Del AVE a la red eléctrica

Pensaba en todo esto leyendo las noticias de las últimas semanas sobre la falta de mantenimiento de algunas de nuestras infraestructuras críticas. Del AVE a las redes eléctricas, parece que estamos muy al límite en buena parte de las instalaciones de nuestro país.

El primer impulso lleva a señalar al Óscar Puente de turno. Y a recriminarle que pase más tiempo en Twitter que preocupándose de los temas de su ministerio. Algo de eso hay (no sólo con Puente, en general la cualificación profesional del ministro medio español se ha desplomado en las últimas dos décadas). Pero creo que erraríamos el tiro si nos fijamos sólo en eso. La decadencia del sector público es algo casi consustancial: lean ustedes las crónicas de la prensa británica sobre la situación del NHS (silgas de National Health Service) o vean alguna película francesa sobre las penalidades de un profesor en la escuela pública gala. Todos apuntan a lo mismo.

Lo primero, los incentivos. En política, lo que se premia es el cortoplacismo y la espectacularidad. ¿Un nuevo colegio? O 50, los que hagan falta. Y con todo lo que quepa en la foto. Polideportivo, sala de música, laboratorio, aula informática... El día que vayan por allí el consejero y el alcalde tiene que aparentar estar todo perfecto.

En segundo lugar, la información. Puede que los planificadores lo hayan hecho con la mejor intención posible. Incluso así, lo normal es que en algunos casos se pasen y en otros se queden cortos. En cualquier caso, esto es menos prioritario, porque es complicado que eso sea noticia en prensa. Problema: una vez inaugurado y presupuestado, el ajuste posterior es complicadísimo. ¿En realidad necesitaban más ordenadores y menos canastas (o al revés)? El director ya sabe que será un calvario conseguirlo.

Y por supuesto, está siempre la cuestión del presupuesto y las prioridades. Hablamos de la distancia que hay de los criterios económicos a los políticos. En una empresa saben que están sujetos a una ley de la gravedad que no perdona: la disciplina de mercado. Si te gastas dinero en cosas inútiles y luego no te queda para lo que reclaman los clientes, sufrirás en la cuenta de resultados. El mantenimiento, por ejemplo, es una de las decisiones más complicadas para cualquier directivo: sabes que no puedes dejar que aquello se venga abajo (pocas formas más seguras de perder clientes que la sensación de descuido), pero tampoco puedes derrochar en obras inútiles. Por eso, el sector privado se caracteriza por la prueba-error, el crecimiento paso a paso, la prudencia. Además, es una pista de una buena gestión: no invierta nunca ni en las compañías que despilfarran en enormes oficinas que no necesitan o en las que son incapaces de detener un deterioro excesivo. ¿Hay empresarios que planifican muy mal? Claro. Pero, como decíamos antes, el sistema depura esas malas prácticas.

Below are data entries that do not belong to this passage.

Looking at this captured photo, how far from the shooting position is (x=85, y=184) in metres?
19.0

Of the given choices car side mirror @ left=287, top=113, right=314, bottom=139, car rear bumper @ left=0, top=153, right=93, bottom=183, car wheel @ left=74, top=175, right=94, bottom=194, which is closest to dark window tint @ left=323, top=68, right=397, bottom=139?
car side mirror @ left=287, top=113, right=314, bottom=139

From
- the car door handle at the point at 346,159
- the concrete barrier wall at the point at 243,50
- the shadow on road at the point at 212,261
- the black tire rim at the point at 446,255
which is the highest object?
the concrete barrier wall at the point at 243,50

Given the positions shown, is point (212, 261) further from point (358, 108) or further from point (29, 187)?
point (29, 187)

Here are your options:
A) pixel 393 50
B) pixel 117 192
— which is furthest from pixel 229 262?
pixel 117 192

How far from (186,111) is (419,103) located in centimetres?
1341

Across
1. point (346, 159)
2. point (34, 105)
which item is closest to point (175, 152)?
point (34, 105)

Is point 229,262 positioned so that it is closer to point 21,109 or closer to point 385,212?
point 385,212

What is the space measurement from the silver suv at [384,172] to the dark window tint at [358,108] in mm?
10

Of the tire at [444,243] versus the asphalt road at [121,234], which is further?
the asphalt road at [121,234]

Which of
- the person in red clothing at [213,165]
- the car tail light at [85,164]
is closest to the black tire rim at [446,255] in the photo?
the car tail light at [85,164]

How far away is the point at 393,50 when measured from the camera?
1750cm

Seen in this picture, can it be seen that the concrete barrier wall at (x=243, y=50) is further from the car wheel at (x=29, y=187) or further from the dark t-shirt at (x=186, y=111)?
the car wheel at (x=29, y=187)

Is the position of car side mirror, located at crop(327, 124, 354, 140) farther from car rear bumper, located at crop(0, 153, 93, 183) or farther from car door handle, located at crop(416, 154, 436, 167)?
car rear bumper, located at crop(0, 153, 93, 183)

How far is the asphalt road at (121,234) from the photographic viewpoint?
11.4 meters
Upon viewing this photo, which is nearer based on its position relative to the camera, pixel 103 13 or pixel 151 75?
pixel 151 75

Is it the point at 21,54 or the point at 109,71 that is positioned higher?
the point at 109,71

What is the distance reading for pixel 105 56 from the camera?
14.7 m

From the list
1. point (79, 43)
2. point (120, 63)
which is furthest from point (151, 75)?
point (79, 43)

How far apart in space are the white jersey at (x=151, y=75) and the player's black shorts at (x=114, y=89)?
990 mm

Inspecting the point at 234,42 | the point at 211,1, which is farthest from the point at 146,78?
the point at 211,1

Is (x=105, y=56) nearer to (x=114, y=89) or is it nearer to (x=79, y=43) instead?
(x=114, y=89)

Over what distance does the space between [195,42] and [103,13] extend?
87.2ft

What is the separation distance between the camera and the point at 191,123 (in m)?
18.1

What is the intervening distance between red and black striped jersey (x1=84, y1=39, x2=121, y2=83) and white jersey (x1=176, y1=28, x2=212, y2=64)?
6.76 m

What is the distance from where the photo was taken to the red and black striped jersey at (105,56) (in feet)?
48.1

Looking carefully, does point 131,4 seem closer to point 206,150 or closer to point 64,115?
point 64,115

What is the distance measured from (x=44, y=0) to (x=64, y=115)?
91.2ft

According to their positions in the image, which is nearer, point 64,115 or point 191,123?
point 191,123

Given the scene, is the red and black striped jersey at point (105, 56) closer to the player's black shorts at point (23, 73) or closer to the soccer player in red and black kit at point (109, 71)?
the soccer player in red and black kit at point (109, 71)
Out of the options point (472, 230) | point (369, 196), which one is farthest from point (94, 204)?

Enfrente, el político siempre tiene la tentación de dejar para el próximo año (o para el que venga detrás) este tipo de gasto. Entre el anuncio de una nueva subvención o de una subida de las pensiones y mantener una carretera, ¿usted qué elegiría si fuera ministro o consejero?

Además, hay que reconocer que en España, ahora mismo, vivimos una situación compleja en todo lo relacionado con las infraestructuras. En la época de la burbuja del ladrillo se abrieron decenas de carreteras, aeropuertos, vías férreas... que quizás no necesitábamos. O no necesitábamos tan aparatosas. Pero las arcas públicas rebosaban y nadie se privaba de una buena inauguración. Ahora ya han pasado 20-25 años desde aquel momento y comienzan a verse las grietas (en muchas ocasiones, literalmente). A esto se le suma la presión presupuestaria en salud y pensiones (que irá a más). Y la falta de información de mercado sobre si cada una de esas infraestructuras era necesaria: ¿cerrar una línea de tren sin demanda? Suena muy sencillo, pero cualquier político sabe que sería demoledor en términos electorales.

Mientras tanto, los usuarios sentimos que lo que en algún momento nos enorgullecía (unas infraestructuras que estaban por encima de lo que podía esperarse de un país de nuestra renta media) ahora está en decadencia. Pues intuyo que todavía no hemos visto nada.